Lula da Silva foi condenado a nove anos de prisão e 19 de interdição de concorrer a cargos políticos, o que garante o maior objetivo dos que se lhe opõem: impedi-lo de concorrer às eleições presidenciais do próximo ano, para as quais é claro favorito. Segundo uma sondagem da Datafolha terá 30%, o candidato de extrema-direita Jair Bolsonaro (que agrega os mais ativos apoiantes da conduta do juiz Sérgio Moro) 16% e Marina Silva 15%.

 

Tudo, neste processo, é absurdo. Pelo menos para nós. Desde ver quem investiga e acusa a julgar, até ao estranho comportamento do juiz. Em quantos países com um Estado de Direito a funcionar plenamente um juiz que tenha nas mãos um processo como o Lava-Jato grava um VÍDEO para agradecer aos fãs o apoio que lhe têm dado e assim celebrar um ano da página de Facebook criada pela MULHER para receber apoios e solidariedade? O que revela isto de um magistrado?

O vídeo foi, aliás, reproduzido esta semana pela popular página “JUIZ SÉRGIO MORO O BRASIL ESTÁ COM VOCÊ”, que vale a pena visitar. Com mais de um milhão de seguidores, o que dá bem o retrato dos mais ferozes apoiantes do magistrado, por lá se defende a ilegalização dos sindicatos, a exigência de que só pessoas com formação superior possam ser eleitas para o Congresso e a pena de morte para corruptos. A página não é do juiz mas dá um bom retrato do movimento antidemocrático que rodeia todo este processo.

Mas hoje não me quero dedicar à leitura política deste caso. Prefiro ficar pela SENTENÇA que condenou Lula da Silva. Ela é penosa de ler. Dói de tão mal escrita, confusa e desorganizada. Uma boa parte é dedicada à sua própria defesa, o que é natural para um juiz que se envolveu mais num combate político do que na administração da justiça. Até se permite fazer elogios ao governo do PT, por este ter criado instrumentos para a perseguição da justiça, como se uma sentença fosse um artigo de opinião política. Ao ler esta sentença percebe-se que falta a alguns magistrados a maturidade e seriedade para os usar para os fins que existem. Lula é condenado por corrupção passiva e lavagem de dinheiro, no âmbito de um processo em que estava acusado de ter beneficiado a OAS em contratos com a Petrobras, recebendo um apartamento triplex remodelado na praia do Guarujá, no estado de São Paulo.

Primeiro elemento a reter: o dito triplex não é formalmente de Lula ou da sua falecida mulher.
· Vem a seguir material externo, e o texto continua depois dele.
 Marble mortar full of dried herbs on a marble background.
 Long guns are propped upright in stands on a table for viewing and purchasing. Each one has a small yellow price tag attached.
Mas o juiz investigador, acusador e julgador Sérgio Moro acha que o é informalmente. Provas? Há provas que havia a pretensão de o comprar. Ou seja, Lula é condenado porque tinha a pretensão de comprar o triplex que, disso não há qualquer dúvida, não comprou. E como não comprou, não pagou. O que quer dizer que houve corrupção. Há provas que nunca discutiu o que pagaria pelo triplex que não comprou. E porque sabe Moro, autor da acusação, investigação e condenação de Lula, que o triplex que Lula não comprou é dele? Porque não foi vendido a outra pessoa (nem a ele). E fizeram uma remodelação, bastante dispendiosa, que tinha de ser para alguém. Entre as “provas”, surge uma reportagem da Globo onde se diz que o triplex é de Lula. Foi a própria Globo, orgulhosa, que o sublinhou nas reportagens desta semana. Nada, nas provas recolhidas, permite dizer que Lula e a mulher foram ou são proprietários diretos ou indiretos do triplex. Só há provas do seu interesse e a certeza de que o imóvel não é legalmente património seu, como ficou evidente depois da morte da mulher de Lula e das partilhas correspondentes. O triplex até já foi usado como garantia da OAS, que continua a ser a sua legitima proprietária. Aliás, é o próprio juiz que tem o cuidado, na sentença, de nunca falar em propriedade, mas em reserva ou concessão, num emaranhado de suspeitas que não respondem à questão central: se o triplex não é de Lula, se Lula não o tem no seu património, se nem sequer lá vive, que ganhou Lula com o suposto esquema? O sonho de um dia ser seu? A remodelação de um apartamento que não lhe pertence?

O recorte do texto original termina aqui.